La portaerei Trieste ripresa all’inizio di quest’anno presso gli spazi di Fincantieri al Muggiano milanese, dove ormai da tempo sono state spostate molte delle attività di costruzione di nuove unità della Marina. Notare la configurazione a doppia torretta, tipica delle due moderne portaerei britanniche di classe Queen Elizabeth.

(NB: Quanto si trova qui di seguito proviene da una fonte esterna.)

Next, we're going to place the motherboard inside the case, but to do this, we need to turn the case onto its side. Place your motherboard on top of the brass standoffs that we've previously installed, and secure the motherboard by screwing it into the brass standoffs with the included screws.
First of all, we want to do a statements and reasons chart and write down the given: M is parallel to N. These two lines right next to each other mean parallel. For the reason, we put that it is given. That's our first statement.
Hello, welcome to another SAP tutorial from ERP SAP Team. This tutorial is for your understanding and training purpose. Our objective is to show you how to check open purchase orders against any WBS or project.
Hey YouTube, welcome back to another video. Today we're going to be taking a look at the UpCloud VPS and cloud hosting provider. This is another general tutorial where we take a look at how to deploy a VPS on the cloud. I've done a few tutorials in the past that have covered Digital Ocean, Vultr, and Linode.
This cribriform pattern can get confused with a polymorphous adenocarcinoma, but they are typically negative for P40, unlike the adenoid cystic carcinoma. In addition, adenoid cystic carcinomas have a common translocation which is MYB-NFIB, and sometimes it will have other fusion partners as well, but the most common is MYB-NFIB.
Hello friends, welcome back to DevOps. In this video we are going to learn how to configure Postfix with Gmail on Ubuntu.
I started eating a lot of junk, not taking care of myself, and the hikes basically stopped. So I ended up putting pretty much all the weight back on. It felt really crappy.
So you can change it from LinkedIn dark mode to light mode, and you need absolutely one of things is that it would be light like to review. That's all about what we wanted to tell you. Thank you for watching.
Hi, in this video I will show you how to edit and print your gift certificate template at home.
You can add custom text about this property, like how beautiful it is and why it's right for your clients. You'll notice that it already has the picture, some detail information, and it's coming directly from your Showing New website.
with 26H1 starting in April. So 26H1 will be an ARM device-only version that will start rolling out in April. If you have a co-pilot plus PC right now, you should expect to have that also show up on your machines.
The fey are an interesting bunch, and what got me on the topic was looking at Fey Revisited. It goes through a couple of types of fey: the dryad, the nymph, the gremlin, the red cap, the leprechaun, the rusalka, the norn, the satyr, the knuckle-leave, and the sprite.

Momenti storici benché tutt’altro che inusuali, ingranaggi che girano di una macchina il cui funzionamento, e logica operativa, non possono subire battute d’arresto, neppure nel difficile momento storico ed economico che stiamo vivendo. Poiché una volta riconosciuta, dalle pagine stesse della storia, la necessità di possedere determinati armamenti, ogni obiezione al loro aggiornamento prescinde dall’osservazione di un puro e semplice stato di necessità. Dal che derivano tante navi per ideali “missioni umanitarie” e nuovi gruppi di volo frutto dalle lunghe e travagliate consegne, trasformate in processi simbolo dagli alterni significati positivi o negativi, a seconda dell’interesse delle forze politiche che prendono in mano il microfono di volta in volta, nel prevedibile carosello delle contrapposte opinioni.
Poiché nessuno crede realmente che il significato ultimo di una nave o un aereo da guerra possa null’altro, per l’appunto, che la guerra. Ma è cionondimeno doveroso, e persino desiderabile, affermare la possibilità opposta: poiché ad ogni azione corrisponde un reazione…
E non è forse per questo meglio diffondere un messaggio di speranza per la concordia futura? O in altri termini, mettere fiori nei vostri cannoni; benché in ultima analisi, sarebbe stato ancor meglio tenere i fiori, dopo aver tolto di mezzo i cannoni.